EXERCISE BRIEF ->
Copy exactly the lines of the records below, and only those lines, beginning with the line that contains "<strong>Щітка склоочисника BOSCH" and ending with the line that contains "4102 Jack Barnes Ave, Killeen, TX 76549".

THE DATA ->
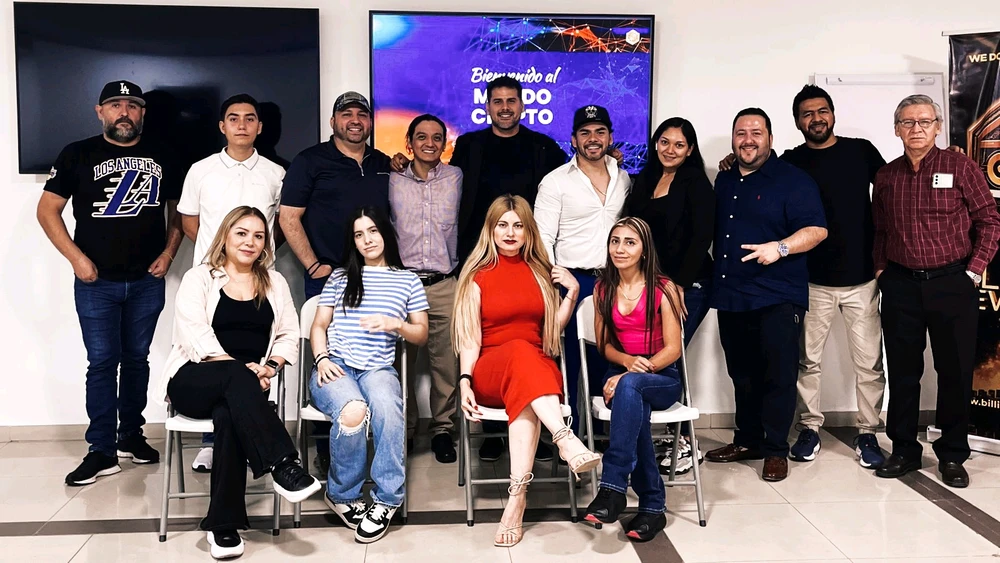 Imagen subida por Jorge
==
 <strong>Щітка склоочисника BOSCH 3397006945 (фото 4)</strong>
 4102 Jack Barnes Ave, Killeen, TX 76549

TASK OUTPUT ->
 <strong>Щітка склоочисника BOSCH 3397006945 (фото 4)</strong>
 4102 Jack Barnes Ave, Killeen, TX 76549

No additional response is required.